Vaidere looked at Arush's hands. They were shaking slightly, not from fear, but from an excess of raw, nervous energy. He simply nodded.
Arush reached the sacred groves as the sun began to bake the humidity into a thick, choking fog. The Maiden appeared near the Peepal tree, her eyes wide with a desperate, haunting hope. "I know the boundaries," she whispered, her voice barely audible over the hum of the insects.
They walked for hours, crossing abandoned fields where the pallets of earth looked like the ribs of a giant. Snakes slithered through the high grass—king cobras that didn't hiss, but watched him with an intelligence that felt ancient. Arush closed his eyes, ignoring the sweat that stung his eyes like acid, trying to sense the "break" in the natural energy.
Finally, they reached a tree that looked like a monument to cosmic decay. Its roots crawled upward out of the soil like the legs of a necrotic insect. The leaves were a green so dark they were almost black, pulsating with a life force that felt predatory and hungry.

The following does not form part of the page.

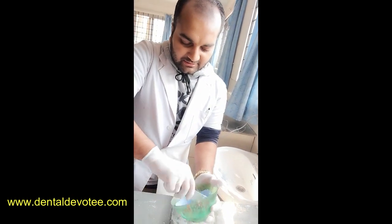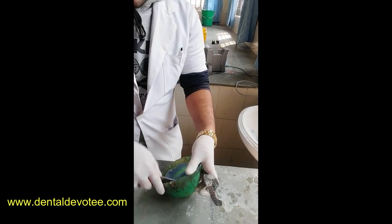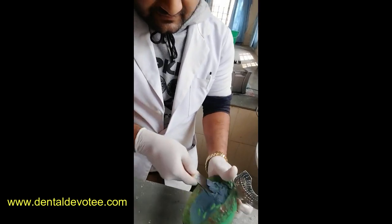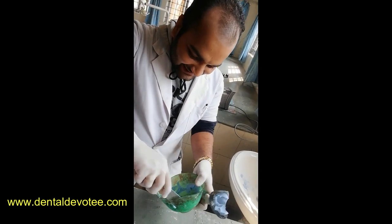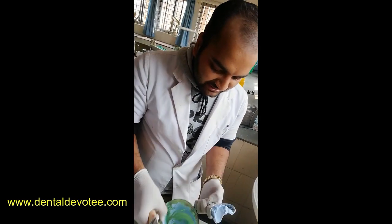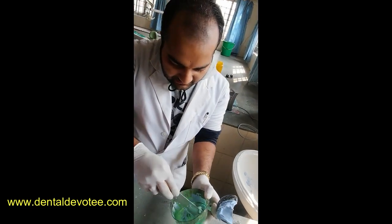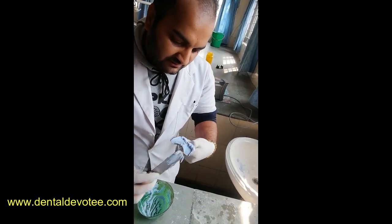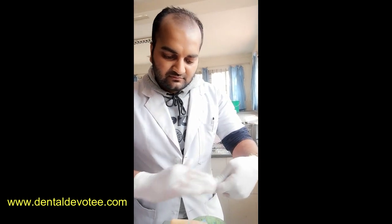I am mixing the Alginate. I am loading the tray. Oh my god, that was really a disaster. The material is a bit deficient. Even if the material is a bit deficient, let's see how it will be.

Arush collapsed against the trunk, his lungs burning. He took a sip of water, but it felt like drinking lead.
"Why do you do it?" the Maiden asked, her form drifting through the black leaves. "Why put your living flesh through this torture for a handful of ash?"
Arush started to laugh—a dry, hacking sound that ended in a cough. But the laugh died. A few feet away, partially obscured by the rotting, stinking roots, was a small cross made of graphite. It stood crooked, as if the earth itself had tried to vomit it out.
He didn't answer her. He saw it—a thrumming, dark energy buried five feet down. He grabbed his shovel and slammed it into the earth. The sound was like a gunshot. The air immediately grew heavy, the wind turning into a hot, sulfurous gale that smelled of burning hair. Arush didn't stop. He dug with a manic, disciplined fury, his muscles screaming, his hands blistering, until the metal hit something solid and hollow.
He dropped to his knees, clawing at the dirt with his bare fingernails until they bled, staining the black soil red. He unearthed a small, blackened coffin.
As he pried the lid open, a wave of pure, concentrated malice hit him like a physical blow. It was a psychic attack so violent it felt like a cardiac arrest. Arush fell back, clutching his chest, his heart hammering against his ribs like a trapped bird.
"Arush! Say something!" the Maiden cried, her voice echoing in his fading consciousness.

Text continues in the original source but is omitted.